What is needed:
In duplicating the lines below, keep every word unchanged and drop the pictures.
───
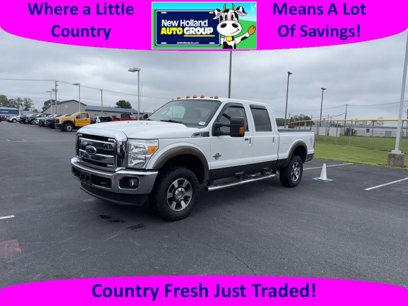 Used 2015 Ford F250 Lariat w/ Lariat Interior Package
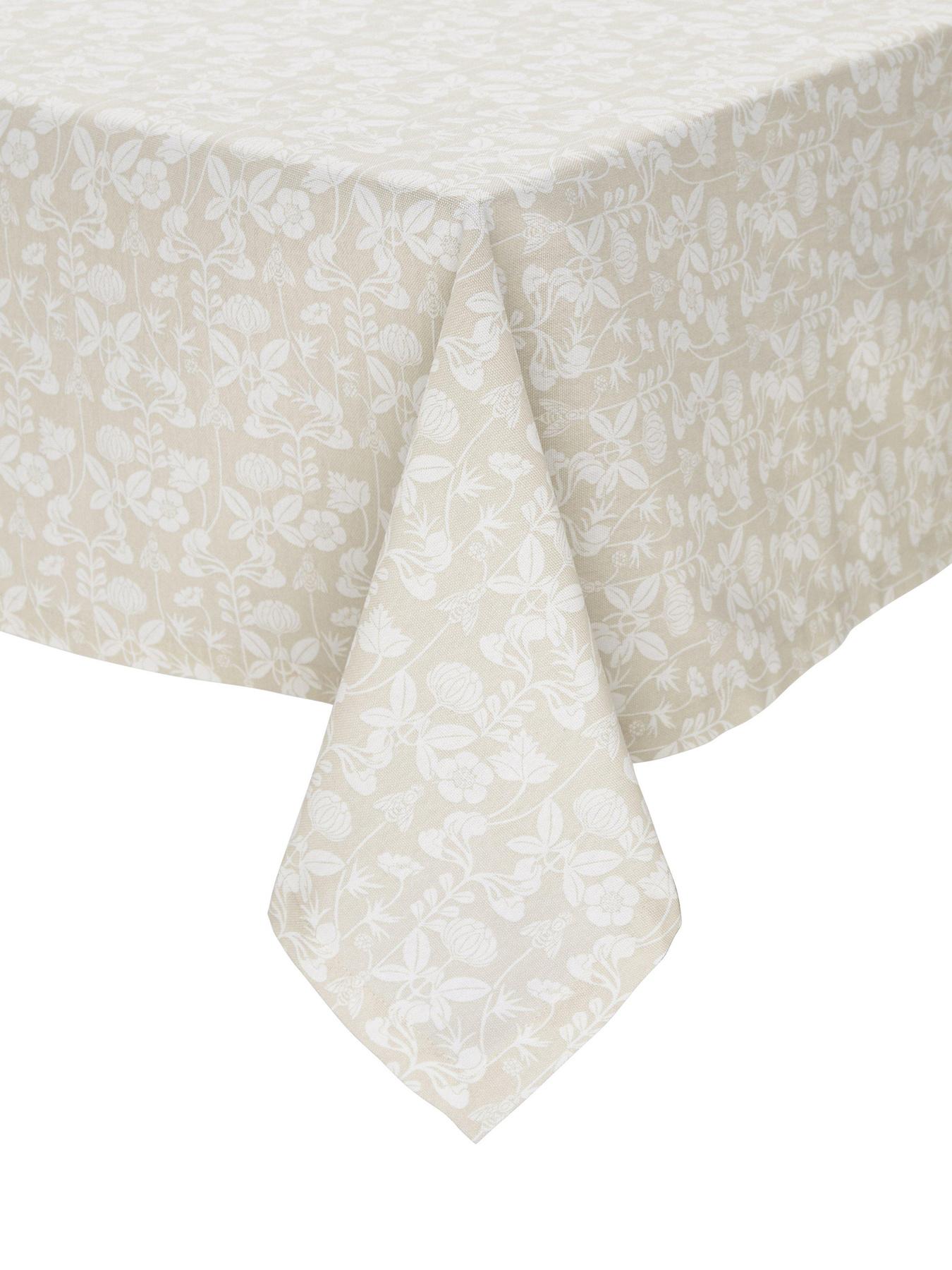 Tablecloth De Mina Beige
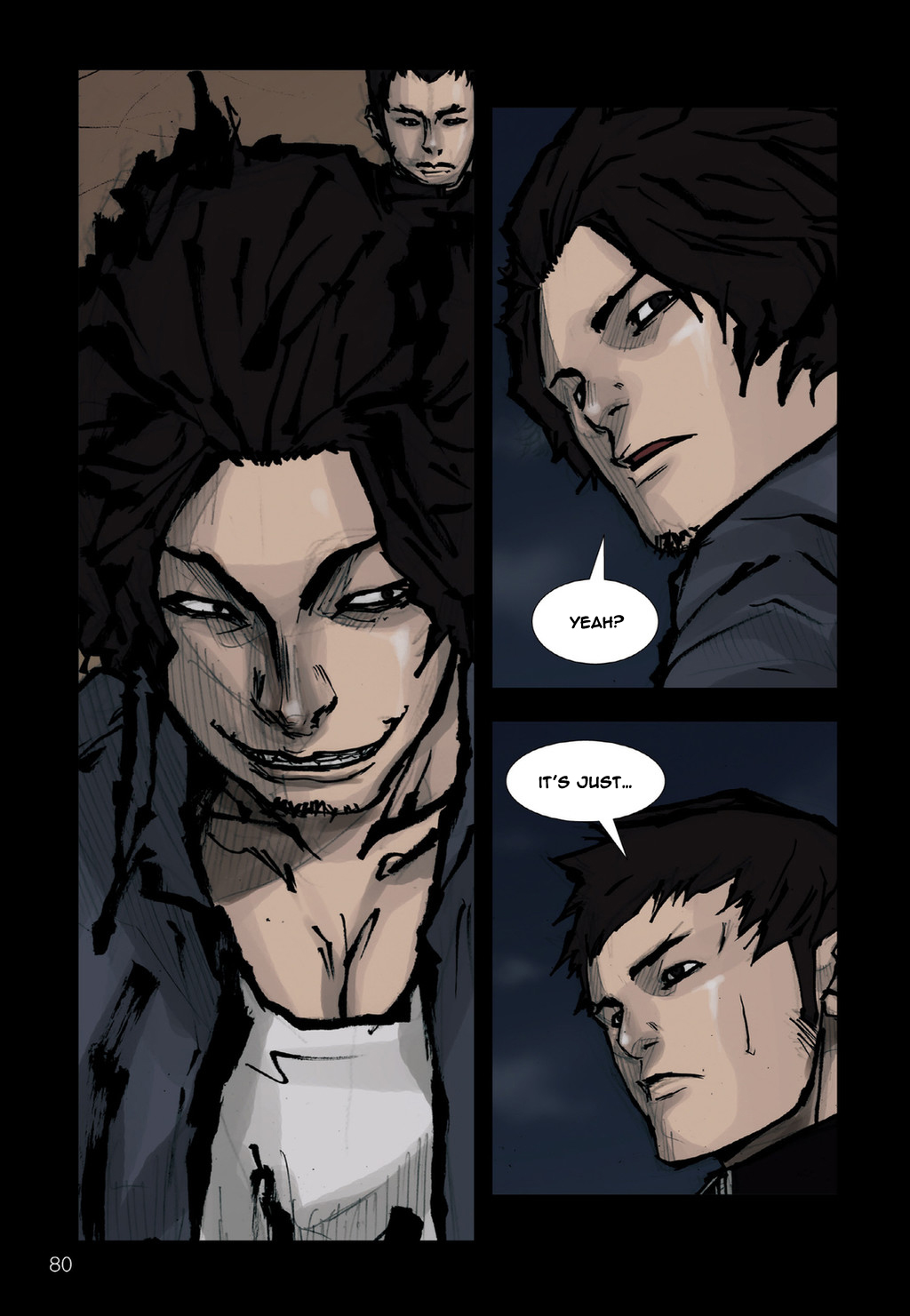 Read Dokgo EN Manga Online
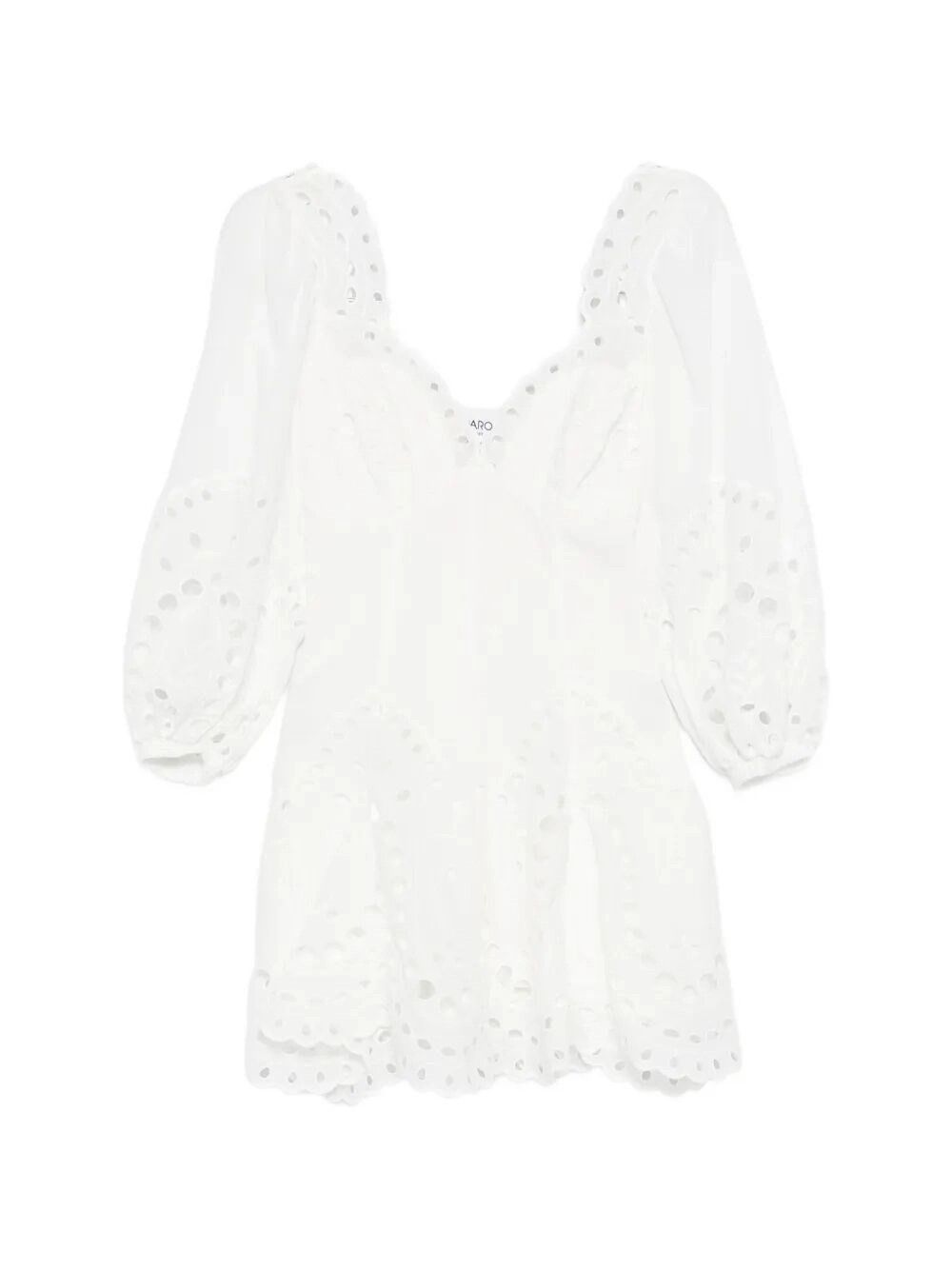 Charo Ruiz `Esmare` Short Dress Size M / US 6-8 / IT 42-44 - 1 Thumbnail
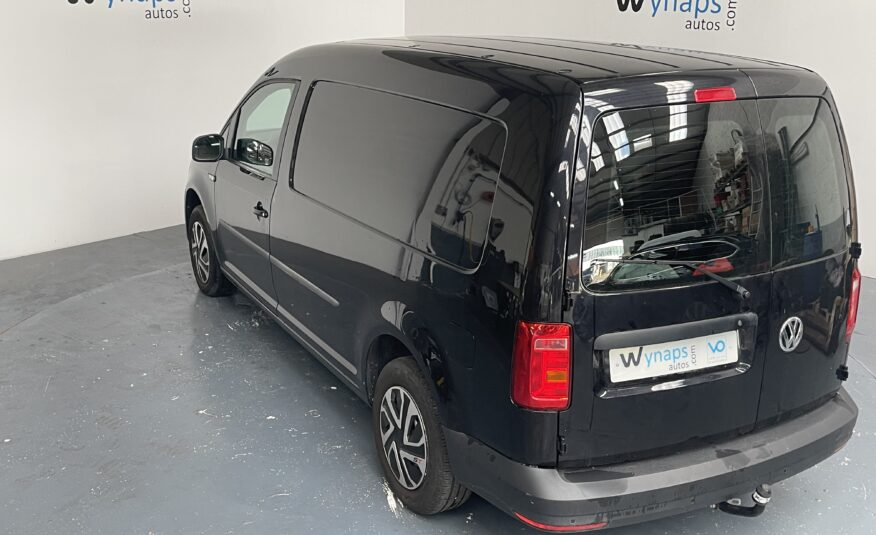 VOLKSWAGEN CADDY VAN MAXI 2.0 TDI 102 BVM5 BUSINESS LINE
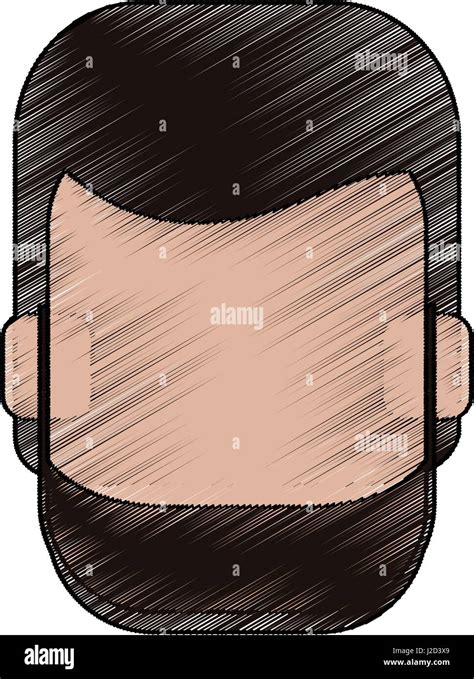 Bearded Ears Stock Vector Images Alamy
───
Your response:
 Used 2015 Ford F250 Lariat w/ Lariat Interior Package
 Tablecloth De Mina Beige
 Read Dokgo EN Manga Online
 Charo Ruiz `Esmare` Short Dress Size M / US 6-8 / IT 42-44 - 1 Thumbnail
 VOLKSWAGEN CADDY VAN MAXI 2.0 TDI 102 BVM5 BUSINESS LINE
 Bearded Ears Stock Vector Images Alamy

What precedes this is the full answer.